PICTURESQUE POETICS
Eros Endures Though Eros is Gone
I bid you welcome, my brothers and sisters;
Look around and mark how many have come.
It would be heartening to a heart unburned,
So great a gathering of our own shunned.
For any who yet know nothing but the hate
Which has become the fact of us, let me here
Explain briefly how it came to such a state
And what cause drove me summon you all near.
Our world, Eros, was attacked by pirates,
These were but hirelings of Hall & Sons;
A number of them confessed, shrieking, to us
They came pillaging for Hall's money... and fun.
They burned homes, hospitals, water treatment plants,
Trams and space-ports, the mines and the factories;
Devastating Eros as an asset
For their rival, June-Corp, that was the scheme.
And soon the founders and owners of Eros
Judged it was improvidential to remain;
But before they left, their doctors poisoned us,
They thought to make an army of the insane.
You know what came next, you've all known the rage,
You've felt little else for a score of weeks.

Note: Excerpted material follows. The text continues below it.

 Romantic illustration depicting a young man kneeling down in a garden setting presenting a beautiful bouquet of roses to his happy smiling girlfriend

June-Corp made us wrathful beasts in a thin cage;
You hate me as I hate you whilst here I speak.
They intended that our hate should destroy
All which Hall and Sons would come to acquire,
Including ourselves, but our choices annoy
Their schemes, for we do not choose to expire.
For a time our minds knew nothing but hate
And rage and the will to tear all things apart,
But heeding the urge does nothing to abate
Its tenacity; now darkly burn our hearts.

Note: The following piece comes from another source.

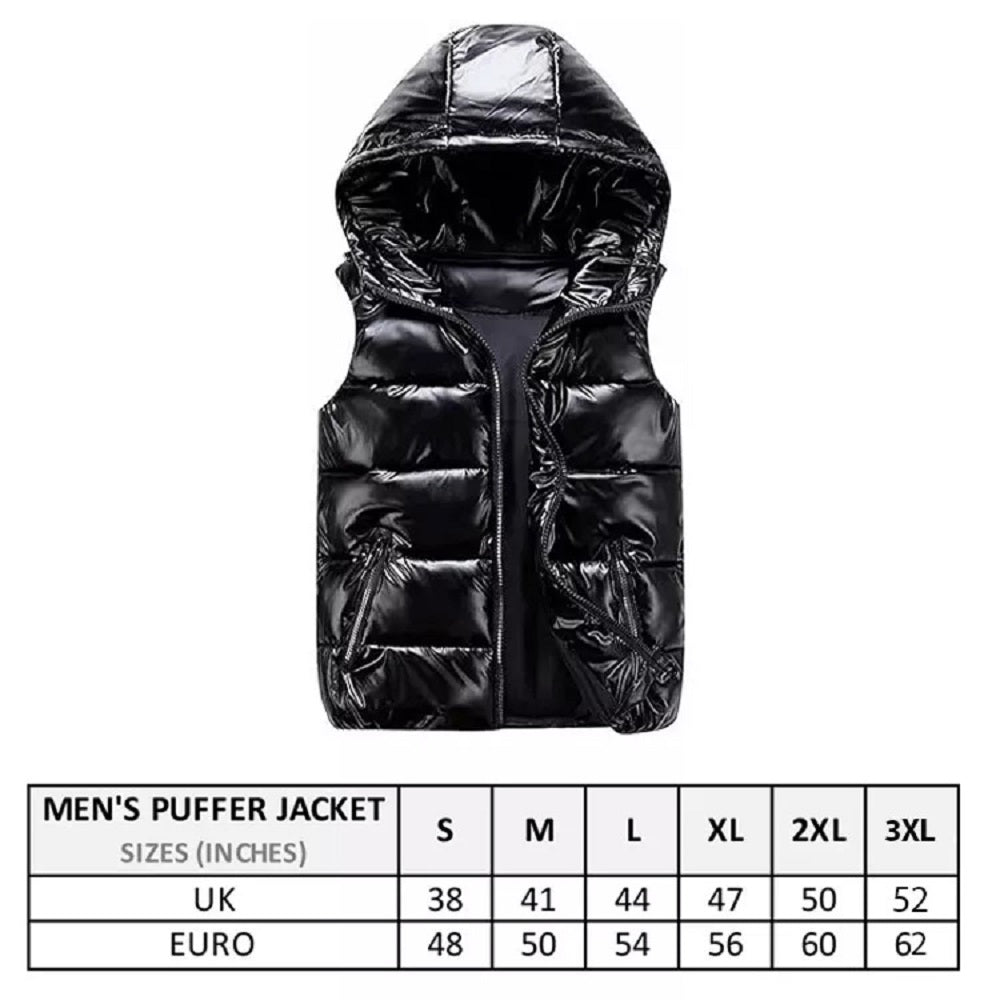 UK size chart for men puffer jacket sleeveless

I took no joy from the violence I craved,
The bodies at my feet did not satisfy,
I feel no grief, though my own wife I've slain,
Her face does not tarry behind my closed eyes.
But our wits are not burned away with our souls,
We recognized our hate was unnatural,
Knowledge fostered our choice to slip its hold,
By force of will we can act peaceable.
Now wrathful monsters who once were human
Have gathered here, as common sense insists;
There's work to do and evil plots to spurn
And engineered depravity to resist.
What was done to us must not be repeated,
Humanity should not suffer such a plague,
Others must be mortified in our stead
A demonstration to all worlds must be made.
When the coming scouts come to survey their prize,
We'll take their ship, their lives and their transmitters
And send through the stars a horrid surprise;
We'll show the best and worst of what's left of us.
Above all, the truth they shall discover,
Soulful people may behold the evil.
If I could, I'd hope their rage needs no stir,
Such as was forced upon Eros' people.